### What you will do
In your copy, include no images and return each entry exactly as written.

### Stored records
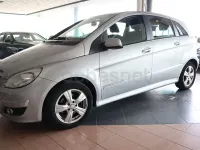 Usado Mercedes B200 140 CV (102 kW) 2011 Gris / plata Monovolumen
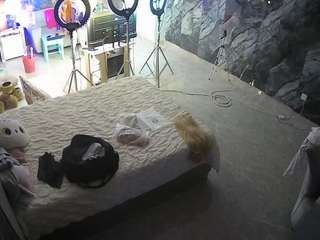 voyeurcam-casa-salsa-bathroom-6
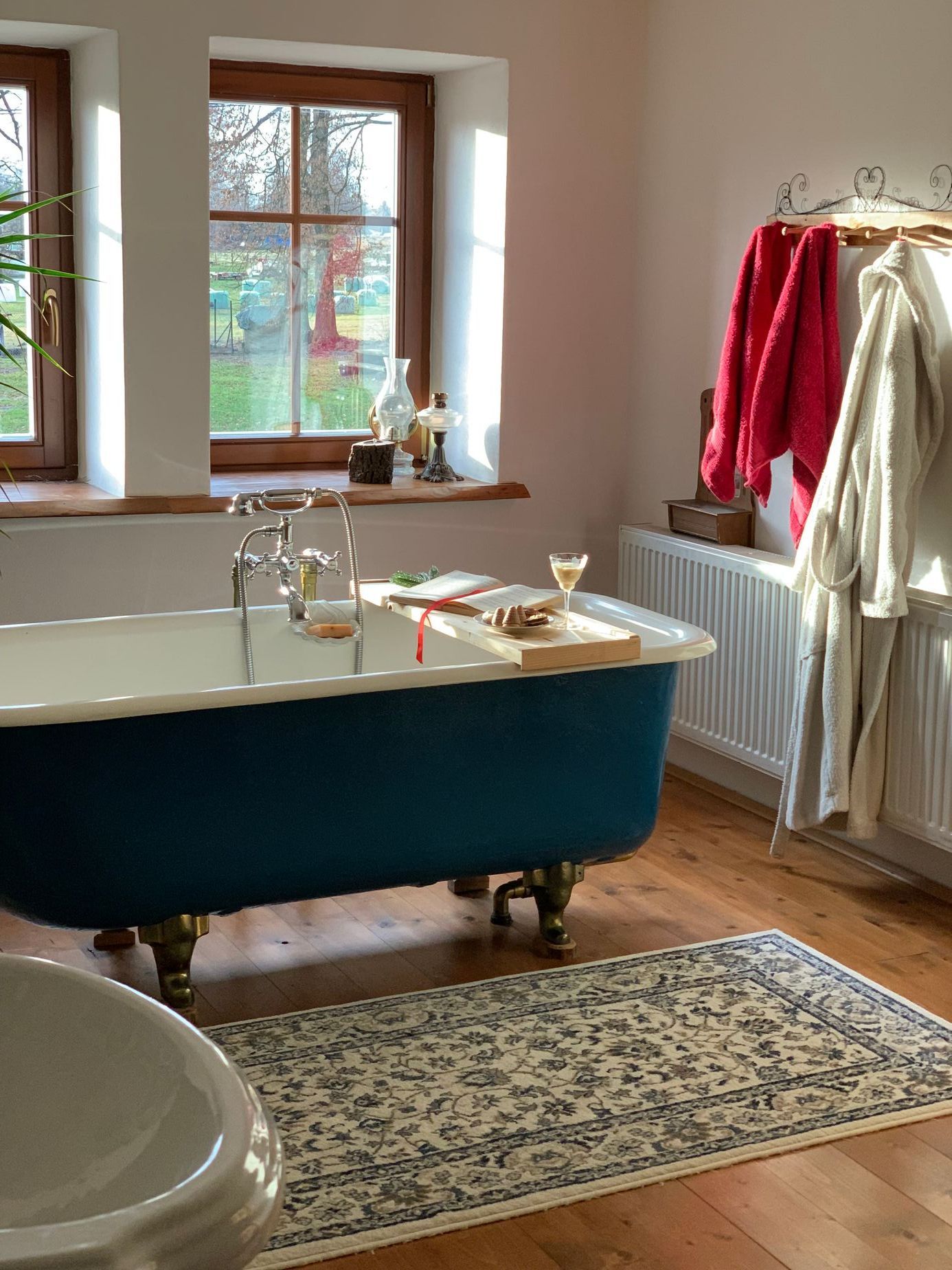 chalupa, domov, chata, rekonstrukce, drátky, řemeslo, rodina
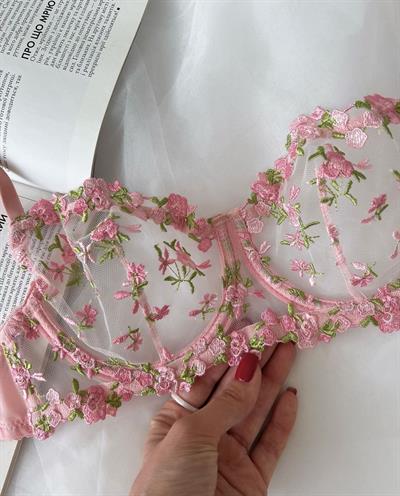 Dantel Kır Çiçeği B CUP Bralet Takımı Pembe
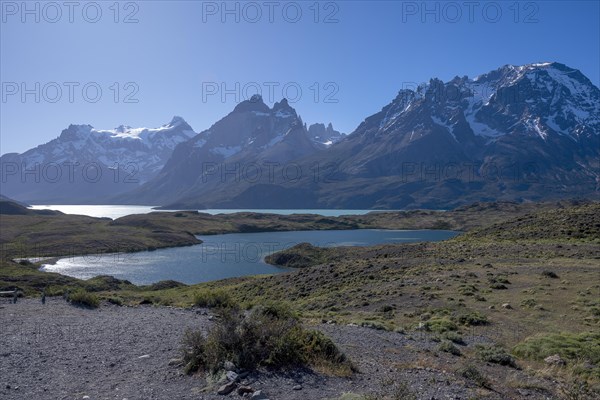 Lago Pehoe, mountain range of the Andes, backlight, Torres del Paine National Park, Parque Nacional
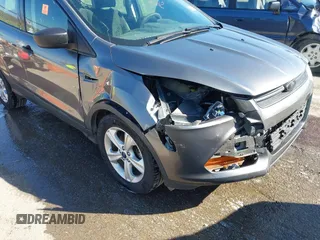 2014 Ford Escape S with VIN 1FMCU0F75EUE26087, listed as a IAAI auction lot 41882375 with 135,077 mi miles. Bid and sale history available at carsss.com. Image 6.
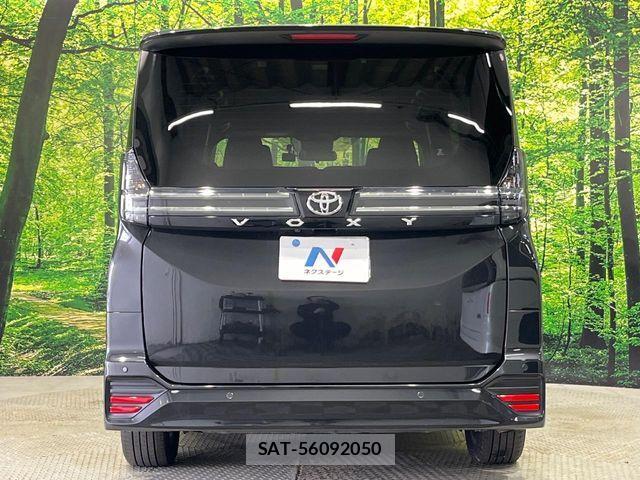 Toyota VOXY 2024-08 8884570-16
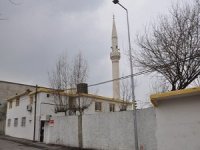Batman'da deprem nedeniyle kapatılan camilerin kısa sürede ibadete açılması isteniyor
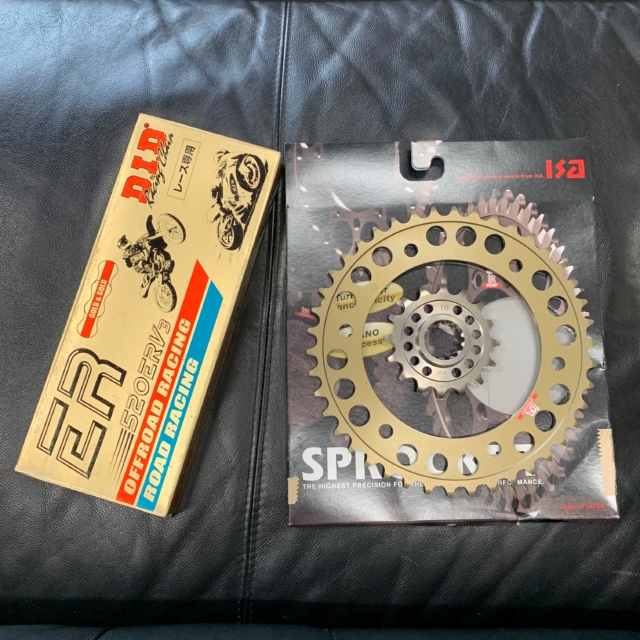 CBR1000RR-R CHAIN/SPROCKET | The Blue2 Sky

### Finished task
 Usado Mercedes B200 140 CV (102 kW) 2011 Gris / plata Monovolumen
 voyeurcam-casa-salsa-bathroom-6
 chalupa, domov, chata, rekonstrukce, drátky, řemeslo, rodina
 Dantel Kır Çiçeği B CUP Bralet Takımı Pembe
 Lago Pehoe, mountain range of the Andes, backlight, Torres del Paine National Park, Parque Nacional
 2014 Ford Escape S with VIN 1FMCU0F75EUE26087, listed as a IAAI auction lot 41882375 with 135,077 mi miles. Bid and sale history available at carsss.com. Image 6.
 Toyota VOXY 2024-08 8884570-16
Batman'da deprem nedeniyle kapatılan camilerin kısa sürede ibadete açılması isteniyor
 CBR1000RR-R CHAIN/SPROCKET | The Blue2 Sky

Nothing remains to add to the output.